Retired Tory MP Nigel Lawson once said that the NHS is “the closest thing the English people have to a religion.” Google “our precious NHS” or “our beloved NHS” and you’ll get a gazillion hits. Grown people in responsible positions talk about the NHS as if it were a living creature…or a demigod. Last year, seven decades after its establishment, an MP wrote on Facebook: “Happy 70th Birthday to our precious NHS.” This June, when the prospect of a new US-UK trade deal raised fears of health-care privatization, Rachel Clarke, a famous doctor and writer, tweeted: “I can’t think of anything worse than our precious NHS in the clutches of American capital.”

Rachel Clarke

It’s one thing to appreciate your doctor or celebrate the advances of modern medicine. It’s another to talk in this borderline worshipful way about a government bureaucracy. This is especially the case when the bureaucracy in question is far from being all it’s cracked up to be.
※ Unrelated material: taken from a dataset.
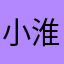 小淮淮Eva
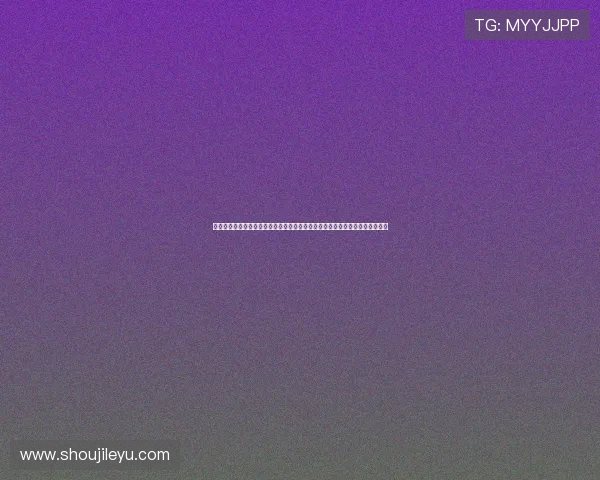 乐鱼手机版下载官网下载安装流程全解析，确保每位玩家都能顺利体验游戏乐趣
For all the glowing PR the NHS gets, a study last year showed that it “has among the lowest per capita numbers of doctors, nurses and hospital beds in the western world….only Poland has fewer doctors and nurses than the UK, while only Canada, Denmark and Sweden have fewer hospital beds.” Its record on treating people with potentially fatal maladies is nothing less than horrific: such patients often have to endure perilously long waiting times for urgently needed tests, treatments, operations, and follow-ups.
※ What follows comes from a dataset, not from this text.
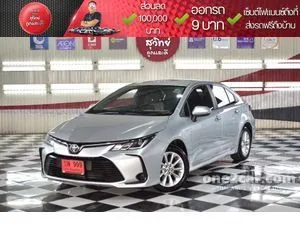 2019 Toyota Corolla Altis 1.6 G Sedan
Admittedly, although America may have the best world’s doctors and hospitals, its health-care bureaucracy also has its problems – but you don’t find anybody in the U.S. crowing about it in the way Brits have been trained to crow about the NHS.

Michael Buerk

All of which brings us to Michael Buerk, a longtime newsreader for that other supposedly beloved British institution, the BBC, who said recently that fat persons with obesity-related ailments should be refused the care they need and should instead be allowed to die in order to save money for the NHS. “Who is to say longevity is the ultimate goal in life?” Buerk asked, and encouraged his fellow Brits to see the early death of their untreated overweight countrymen as “a selfless sacrifice in the fight against demographic imbalance, overpopulation and climate change.”

Such views, of course, are not unusual. Indeed, the NHS itself, like socialized medical systems in other countries, routinely refuses certain treatments to patients who, for reasons of age or weight or whatever, are considered expendable. When politicians and bureaucrats publicly discuss such matters, of course, they lean heavily on euphemisms and circumlocutions. What sets Buerk apart from them is the refreshing frankness of his macabre, Hippocratic Oath-defying enthusiasm for what we are not allowed to call “death panels.”

It is interesting, by the way, that neither Buerk nor any of his old colleagues at the BBC have suggested that that frankly superfluous and outrageously expensive broadcasting service, whose “news” programs have long since consisted largely of left-wing propaganda, be defunded as a “selfless sacrifice” and the money spent on more important things.